Kiwi WADA boss worried at scale of cheating

4:08 pm on 25 July 2015

The New Zealander whose job it is to catch the drug cheaters in sport says more than 10 percent of elite athletes could be cheating.

And David Howman - the Director General of the World Anti-Doping Agency - says the number of children doping to reach the elite is his "biggest concern".

Director-General of the World Anti-Doping Agency, David Howman.

Director-General of the World Anti-Doping Agency, David Howman. Photo: AFP

Howman says sport's increasing profitability has led to young athletes becoming more "vulnerable", especially as they are usually "under the radar" of doping agencies.

"The area of most concern for us is the level of young athletes who have not broken through into the elite who are trying to get that breakthrough and are susceptible to taking drugs because that's a shortcut," Howman said.

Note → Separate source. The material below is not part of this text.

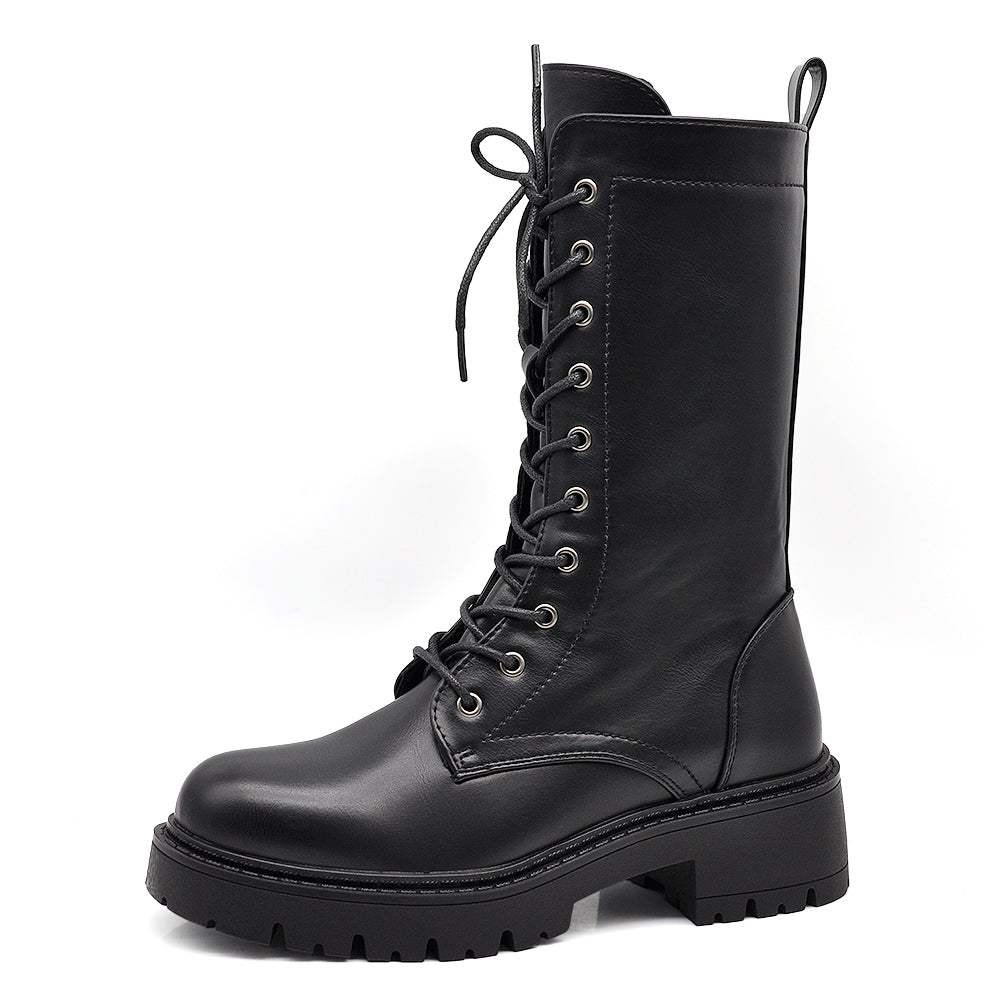 Stivali Anfibi Donna Alti Stringati con Suola Carrarmato e Zip Laterale – Combat Boots Biker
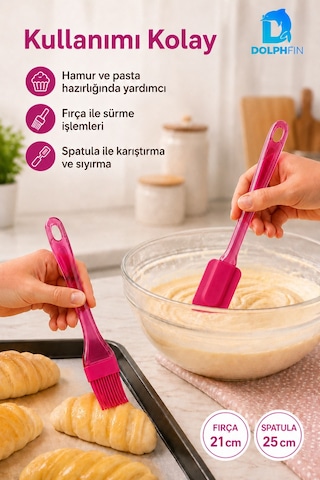 2 Li Silikon Spatula Ve Fırça Seti Pasta Hamur Kek Krema Sürme Karıştırma Mutfak Yardımcısı Pembe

"Not only are they susceptible to taking drugs, they are being encouraged to do so by any one of a number of people that surround them - coaches, trainers, even parents - because it's a way to make a lot of money."

Howman, who will step down in 2016 after 12 years at WADA, says he's worried that it is hamstrung by a lack of resources.

Howman says that when he started at WADA 12 years ago, Wayne Rooney was being paid $4 million a year by Manchester United, while WADA was getting $20 million.

Now both the footballer and the anti-doping agency are each receiving about $30 million, and Howman says the slow lift in WADA funding shows sports are skimping on catching drug cheats.

Howman said research suggests that despite improvements in some sports, namely cycling, doping is still too prevalent.

"I have great respect for the way in which the UCI (world cycling's governing body) are now running their anti-doping programme," he said. "We have some guestimates based on some research undertaken over the last years.

"It's far more than we would wish it to be - over 10 percent. That is of concern because those being caught by the system is far lower than that.

"Not in all sports, in some sports."

Howman said several top athletes were being investigated.

"Not to the same level as the information we had on Lance Armstrong but certainly we have information that is being investigated about a number of athletes around the world," he said.

Howman says doping may be made a criminal offence within five years, but so far there is only limited testing in non-elite events.